Porque a veces las relaciones se tuercen, y nunca viene mal saber cómo explicarle a la novia que te lo has montado con su mejor amiga, o qué veneno es el más efectivo para cortar definitivamente con ella. También podrías, claro está, consagrar tu vida a la papiroflexia y evitarte estos enredos.
Lo sé muchachos, lo sé. La pesadilla emasculatoria de mi última entrega os ha dejado un poco planchados. Pues arriba el ánimo porque el Rey de la Creación regresa al pedestal del que nunca debió bajarse. Temblad niñatas, Simba ruge de nuevo; hoy conoceréis a Desmond Thane, protagonista de Never come back, el clásico maldito del malogrado John Mair.
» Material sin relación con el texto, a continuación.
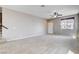 Large living room featuring a staircase, neutral carpet and a ceiling fan at 405 Prairie Moon Ave, North Las Vegas, NV 89084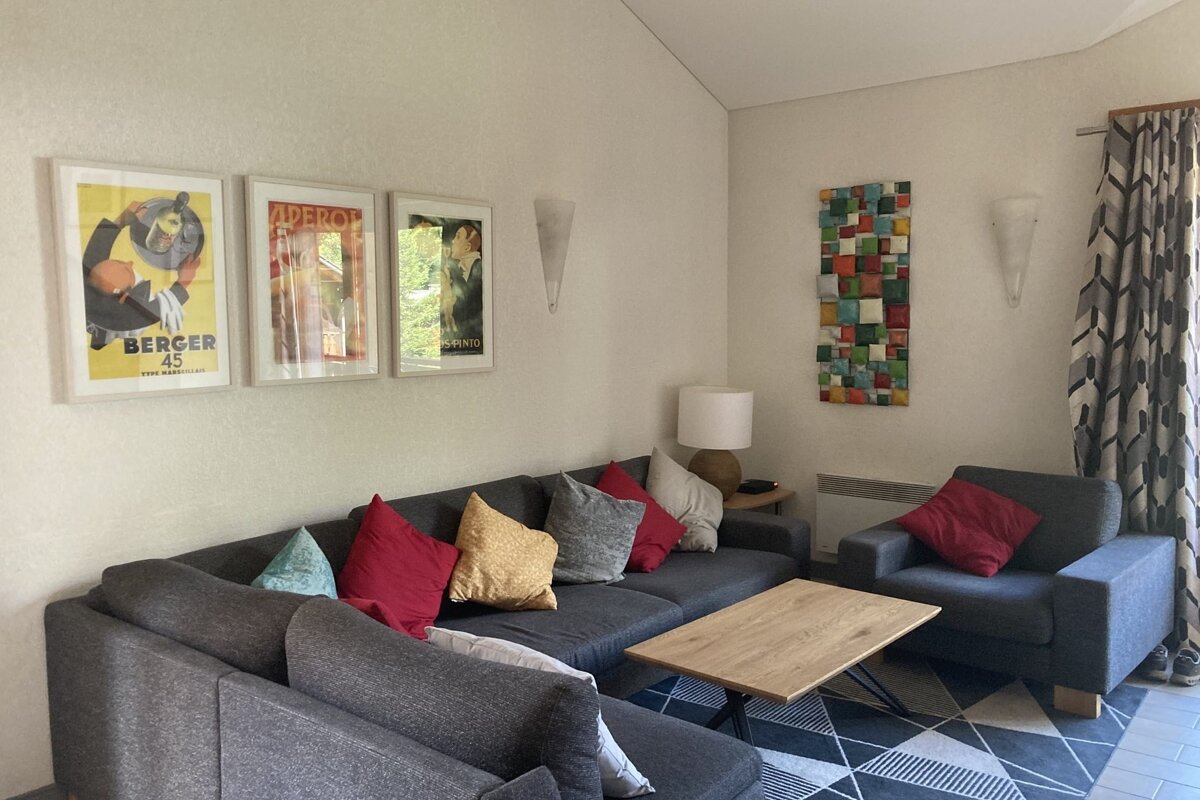 A cozy modern living room with a gray L-shaped sofa, vibrant cushions, and an armchair. Features art posters, a mosaic wall hanging, and a geometric rug.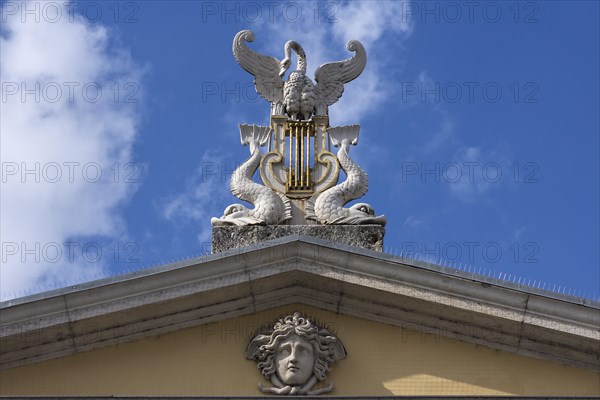 Figures on the roof of the City Theater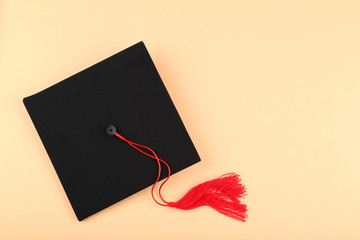 Graduation cap on beige background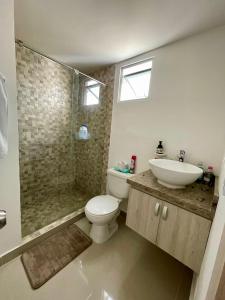 a bathroom with a toilet and a sink and a shower at APARTAMENTO al NORTE DE VALLEDUPAR in Valledupar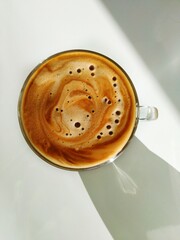 Top down view of cup of cappuccino in the sunlight on the white background
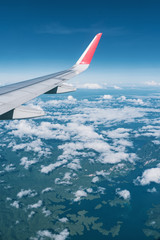 Fototapeta premium Beautiful view from airplane window and blue sky on nice sunny day, This time in altitude during flight.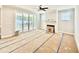 Bright living room featuring a ceiling fan, modern fireplace, and sliding glass doors leading to the outdoor patio at 2625 Silver Gate Ct, Wake Forest, NC 27587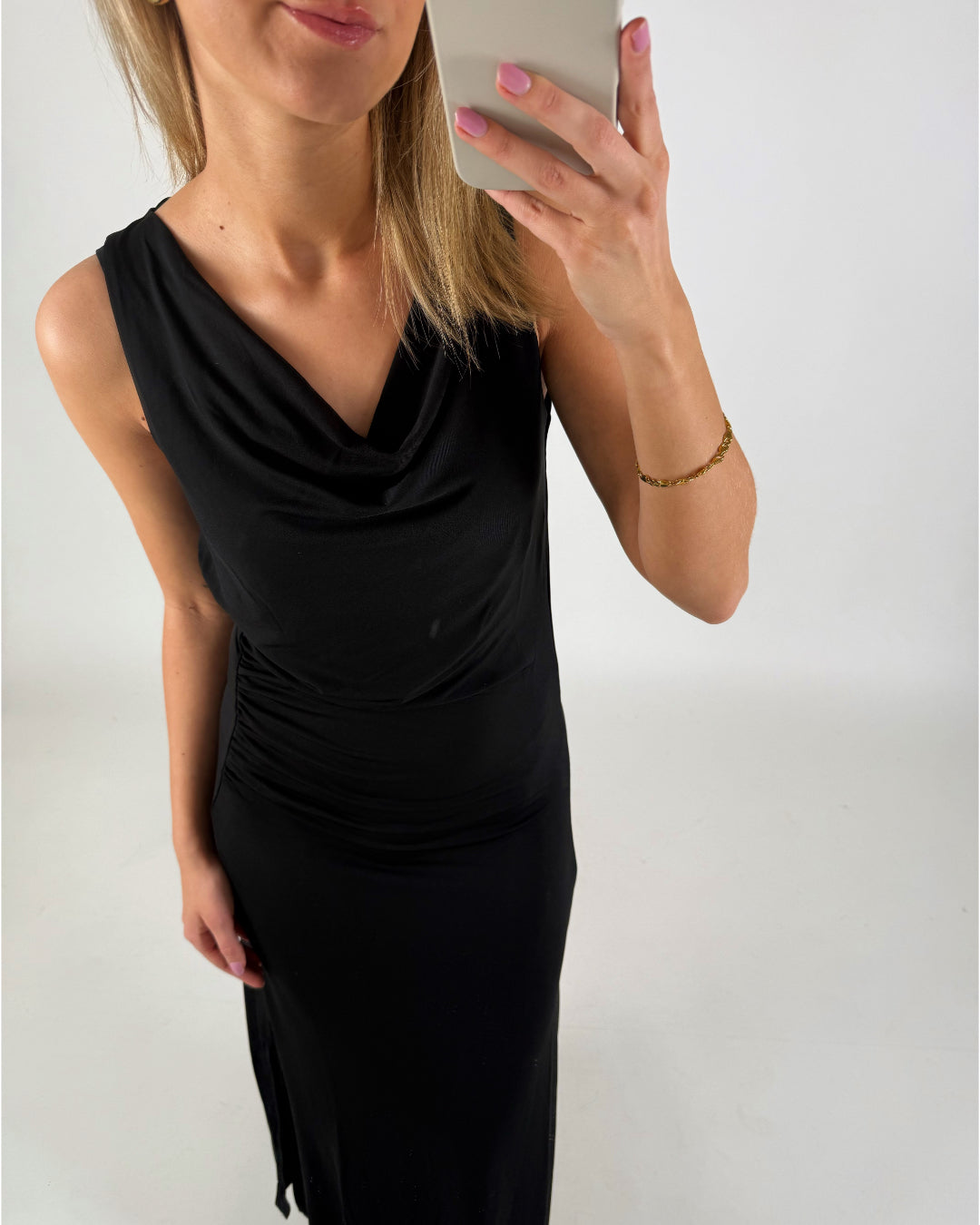 Kvinde i sort kjole tager selfie med mobiltelefon i et lyst rum. Hun har lyse hår, pink negle og et guldfarvet armbånd.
Muy posiblemente sea el primer antihéroe de la ficción criminal; el más desahogado, sin ninguna duda.
De cómo enfoca Desmond sus relaciones con el otro sexo os vais a enterar nada más iniciarse el capítulo 1, donde nos lo encontramos averiguando el veneno idóneo para liquidar a Anna Raven, una reciente conquista que empieza a volverse un fastidio. No se lo plantea en serio, por supuesto, pero cuidado: es la pereza, más que la conciencia, lo que lo disuade. Yo sería tan canalla como él si entrara en los pormenores del excéntrico affair entre Anna y Desmond, una de las joyas de la corona de Never come back. Lo único que puedo revelaros es que será el detonante de un lamentable malentendido: una atrabiliaria organización internacional, que intenta aprovecharse del caos de una Europa sumida en la Segunda Guerra Mundial para implementar sus oscuros planes, confunde a Desmond con un espía. Ya sabéis lo que las organizaciones criminales suelen hacer con los espías, y él lo sabe igual de bien; si las piernas le darán para escapar, eso ya es otro cantar.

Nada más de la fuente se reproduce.